New Thing attempts to recreate the feeling of suspense that Carpenter’s classic did so well, but it never comes close. There are a few reasons why, including the overuse of CGI and odd decision to not really use the weather as a threat–the sense of isolation and paranoia that led to desperation in the 1982 version is just not there. The screenplay is not at fault, and the leads Joel Edgerton and Mary Elizabeth Winstead are both good, but the film lacks the magic of its chronological predecessor. It feels uninspired. It is a technically proficient movie, but it lacks any soul, and in the end it adds nothing to the film it is supposed to honor.
The Thing 3: The Thingening
If you know the property, then you probably know that this is actually the third film inspired by John W. Campbell Jr.’s 1938 novella Who Goes There?, and the first movie adaptation was filmed in 1951 under the name The Thing From Another World. If you weren’t aware of that one, you now are one step closer to total trivia domination.
The original film took a few of the concepts of the novella, but whitewashed it a bit. It would have been a hard sell in the 50s to make a film where Douglas Spencer was killed and then eaten. But the original novella introduced that idea, and then in 1982 John Carpenter brought it to life.
The concept was simple: an alien with the ability to mimic humans and animals after eating them is loose in an isolated Antarctic base. Hijinks ensue.

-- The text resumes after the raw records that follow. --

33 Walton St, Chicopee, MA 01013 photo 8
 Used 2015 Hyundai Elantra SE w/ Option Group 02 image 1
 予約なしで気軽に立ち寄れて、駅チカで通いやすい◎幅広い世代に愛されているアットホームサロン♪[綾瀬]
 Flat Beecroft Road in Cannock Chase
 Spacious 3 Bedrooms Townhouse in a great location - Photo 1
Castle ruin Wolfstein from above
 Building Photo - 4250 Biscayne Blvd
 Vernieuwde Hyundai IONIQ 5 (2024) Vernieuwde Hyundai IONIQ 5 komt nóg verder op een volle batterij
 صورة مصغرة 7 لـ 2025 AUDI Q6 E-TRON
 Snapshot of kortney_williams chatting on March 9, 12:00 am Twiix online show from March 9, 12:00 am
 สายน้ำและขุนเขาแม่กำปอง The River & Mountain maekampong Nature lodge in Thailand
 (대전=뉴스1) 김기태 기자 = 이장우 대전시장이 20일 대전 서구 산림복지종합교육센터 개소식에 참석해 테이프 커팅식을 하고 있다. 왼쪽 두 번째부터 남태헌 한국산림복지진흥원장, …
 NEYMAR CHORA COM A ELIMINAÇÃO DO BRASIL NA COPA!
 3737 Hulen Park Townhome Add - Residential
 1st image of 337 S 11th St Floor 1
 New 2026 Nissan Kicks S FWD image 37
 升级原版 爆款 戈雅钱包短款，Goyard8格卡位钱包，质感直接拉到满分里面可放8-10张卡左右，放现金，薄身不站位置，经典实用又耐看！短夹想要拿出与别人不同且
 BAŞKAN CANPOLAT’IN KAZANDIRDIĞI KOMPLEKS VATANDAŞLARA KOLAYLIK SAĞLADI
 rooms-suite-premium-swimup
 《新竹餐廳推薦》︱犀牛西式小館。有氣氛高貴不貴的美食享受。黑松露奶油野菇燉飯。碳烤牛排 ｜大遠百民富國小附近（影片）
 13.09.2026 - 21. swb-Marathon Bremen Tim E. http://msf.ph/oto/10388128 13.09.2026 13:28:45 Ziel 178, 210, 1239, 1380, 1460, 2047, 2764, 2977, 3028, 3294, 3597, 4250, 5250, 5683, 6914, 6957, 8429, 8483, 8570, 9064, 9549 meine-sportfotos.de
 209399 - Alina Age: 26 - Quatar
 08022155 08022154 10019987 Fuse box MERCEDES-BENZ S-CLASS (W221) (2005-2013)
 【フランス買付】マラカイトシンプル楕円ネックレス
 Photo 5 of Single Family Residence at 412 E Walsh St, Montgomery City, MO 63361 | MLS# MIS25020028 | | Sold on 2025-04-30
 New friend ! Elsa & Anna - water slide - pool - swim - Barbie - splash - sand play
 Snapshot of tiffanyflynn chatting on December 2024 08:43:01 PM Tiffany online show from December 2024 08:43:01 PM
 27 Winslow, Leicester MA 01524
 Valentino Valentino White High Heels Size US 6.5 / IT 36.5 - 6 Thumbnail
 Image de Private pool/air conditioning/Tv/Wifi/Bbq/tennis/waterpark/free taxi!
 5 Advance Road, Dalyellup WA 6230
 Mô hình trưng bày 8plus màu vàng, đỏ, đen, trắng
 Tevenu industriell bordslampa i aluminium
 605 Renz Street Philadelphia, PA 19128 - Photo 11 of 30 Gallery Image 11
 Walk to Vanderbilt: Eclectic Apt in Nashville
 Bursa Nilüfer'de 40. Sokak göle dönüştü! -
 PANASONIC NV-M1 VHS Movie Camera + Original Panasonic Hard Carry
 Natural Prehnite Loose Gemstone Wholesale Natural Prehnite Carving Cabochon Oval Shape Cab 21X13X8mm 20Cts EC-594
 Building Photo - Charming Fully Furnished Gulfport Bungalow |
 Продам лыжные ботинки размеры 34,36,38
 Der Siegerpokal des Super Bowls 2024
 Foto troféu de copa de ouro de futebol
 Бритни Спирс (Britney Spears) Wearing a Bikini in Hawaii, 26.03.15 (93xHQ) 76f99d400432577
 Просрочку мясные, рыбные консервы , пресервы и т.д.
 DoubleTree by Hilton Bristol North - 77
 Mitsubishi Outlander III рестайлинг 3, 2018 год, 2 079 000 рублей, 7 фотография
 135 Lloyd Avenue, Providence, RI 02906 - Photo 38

The body count was high, and the blood flowed freely. But while that film is considered a horror classic, it may be more fair to call it a suspense film. The blood and fear factor were there, but the mood is what set The Thing apart from other slasher films and the like. The monster itself was a constant and deadly threat, but it was rarely seen outside of a human form, and Carpenter was very good at shocking you, rather than just startling you.
Knowing the plot of the 1982 The Thing is essential to the New Thing. You don’t technically need to watch it any more than you need to watch the original Star Wars films to understand the prequels, but as with with Star Wars, the originals are where it’s at and the prequels are essentially just supplemental stories. The same is true with The Thing.
Connecting the dots
The New Thing fills in the blanks left in Carpenter’s film regarding how the alien was found, and what happened to the Norwegians that found it. In Carpenter’s film, the American researchers examine the Norwegian base and discover that it has been destroyed and that something terrible happened there. They also discover a spaceship buried in the ice, as well as a block of ice that something seemed to have escaped from.
The new Thing begins when a Norwegian team stumbles upon what they first assume to be a structure of some kind. They also discover a body buried in the ice. To that end, at the behest of his assistant Adam (Eric Christian Olsen), the project leader, Dr. Sander Halversen (Ulrich Thomsen), recruits an American paleonthologist named Dr. Kate Lloyd (Mary Elizabeth Winstead) to come to Antarctica and help with the examination.
Once there, the Norwegian crew reveals that they have discovered an alien craft that has been there at least 100,000 years, as well as what they assume to be the pilot of the ship. They then take the pilot back to their camp to begin an examination. It is still very much alive, escapes the ice, and all hell breaks loose.
The plot of the New Thing is very similar to Carpenter’s plot. The alien escapes and takes the identity of members of the party. Suspicion and paranoia then grip the base, as the body count grows.
It quickly becomes about survival rather than any specific driving plot. The screenplay by Eric Heisserer and Ronald D. Moore is actually fairly solid, and it integrates itself into the 1982 film well. Fans of Carpenter’s movie will probably appreciate the way things play out if nothing else.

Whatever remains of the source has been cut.